Sorceress (2016)

Opeth

Una Flying V e altri capricci di Mikael Åkerfeldt (con il permesso di Paul Reed Smith)    

Il gruppo Opeth è diventato uno dei simboli del metal contemporaneo, amalgamando il rock progressivo con l’heavy degli anni ’80. Camel, Jethro Tull e una solida base di Judas Priest –quelli di Sad Wings Of Destiny- sono il punto di partenza di uno dei chitarristi più interessanti del momento, lo svedese Mikael Åkerfeldt (Stoccolma, 1974), per smuovere le fondamenta di un genere nel quale non esistono solo i Dream Theater. Iniziò, da buon scandinavo, segnato dal death, ormai quasi un ricordo lontano in questo suo dodicesimo disco, Sourceress, uscito alla fine di Settembre 2016, un album quasi all’altezza di Pale Communion (2014) o Heritage (2011).
   

Arrivato ormai ai 42 anni, Åkerfeldt ha completato il proprio viaggio nel rock progressivo senza complessi e senza conformarsi con il mero revival. Il chitarrista non vive solo di death metal e dimostra di essere un compositore con una visione del futuro. Il suo lavoro e la sua scommessa sono stati ricompensati quest’anno da un contratto con la Nuclear Blast; Sourceress, il primo lancio di questa nuova tappa, ha soddisfatto le aspettative, per il momento.
 

   

Åkerfeldt è uno di quei chitarristi che i colleghi non perdono di vista. È di quelli che fa tendenza, non solo per la sua tecnica, ma soprattutto per l’abilità che ha di inventarsi una chitarra nuova quasi per ogni nota che suona e riuscire a fare meraviglie con qualsiasi ‘kit’ in vendita al supermercato all’angolo.    

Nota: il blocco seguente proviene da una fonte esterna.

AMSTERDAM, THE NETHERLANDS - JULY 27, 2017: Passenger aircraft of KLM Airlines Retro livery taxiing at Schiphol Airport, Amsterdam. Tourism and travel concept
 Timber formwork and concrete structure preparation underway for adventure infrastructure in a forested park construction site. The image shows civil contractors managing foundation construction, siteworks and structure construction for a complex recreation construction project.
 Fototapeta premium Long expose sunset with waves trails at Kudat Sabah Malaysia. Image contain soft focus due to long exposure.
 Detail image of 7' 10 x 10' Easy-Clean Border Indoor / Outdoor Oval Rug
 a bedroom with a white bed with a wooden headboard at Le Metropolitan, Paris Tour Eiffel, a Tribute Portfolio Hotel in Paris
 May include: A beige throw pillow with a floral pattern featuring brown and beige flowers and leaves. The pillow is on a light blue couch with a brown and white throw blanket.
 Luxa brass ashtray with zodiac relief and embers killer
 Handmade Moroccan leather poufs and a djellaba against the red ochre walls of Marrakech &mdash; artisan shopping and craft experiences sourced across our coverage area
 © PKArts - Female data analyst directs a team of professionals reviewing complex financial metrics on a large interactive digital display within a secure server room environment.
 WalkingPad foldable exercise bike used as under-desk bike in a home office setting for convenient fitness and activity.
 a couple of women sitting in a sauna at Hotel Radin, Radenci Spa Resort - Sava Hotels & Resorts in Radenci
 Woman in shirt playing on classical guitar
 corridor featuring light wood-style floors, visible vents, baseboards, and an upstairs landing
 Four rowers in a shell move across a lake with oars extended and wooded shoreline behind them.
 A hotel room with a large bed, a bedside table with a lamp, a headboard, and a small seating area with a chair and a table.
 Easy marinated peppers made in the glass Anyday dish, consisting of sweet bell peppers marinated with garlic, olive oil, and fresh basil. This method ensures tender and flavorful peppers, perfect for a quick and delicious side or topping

Il bricolage non ha nulla a che vedere, ovviamente, con la sua PRS Custom 24 preferita, ben rappresentata in un ‘armadio’ dominato quasi completamente dalle delicatessen di Paul Reed Smith. Dal vivo, per contratto, è l’unica marca presente sul palcoscenico.
   

Per registrare Sorceress, però, ha usato diversi capricci con sei corde che si è concesso negli ultimi tempi. Una Gibson Flyin’ V del ’79 –un tributo agli Scorpions- e un paio di Stratocaster a cui dice di aver realizzato ‘qualche’ cambio: una Custom Shop Acrylic del ’68 che ‘suona da dio’ e un modello del ’62 che, da ciò che si può leggere sulla stampa specializzata, dell’originale conserva solo la froma. Åkerfeldt è così, maniacale anche nella scelta dell’amplificatore. Il suo, un Marshall, porta la firma di Yngwie Malmsteen.
 

 

Il suo ‘aiutante’, Fredrik Åkesson, invece, non molla la sua Gibson Junior P90 se non per imbracciare una PRS Angelus –come quella di Mikael- per i pezzi acustici. Per quanto riguarda il resto della band, tutti rispondono al profilo virtuosistico che esige il rock progressivo. Degno di nota il bassista Martin Méndez, che ha cambiato i suoi Fender Jazz Bass per i Sandberg California di 4 e 5 corde, e completano il gruppo Martin Axenrot alla batteria e Joakim Svalberg alle tastiere, che con il suo piano riesce a dare un tocco ancor più speciale a un disco indispensabile.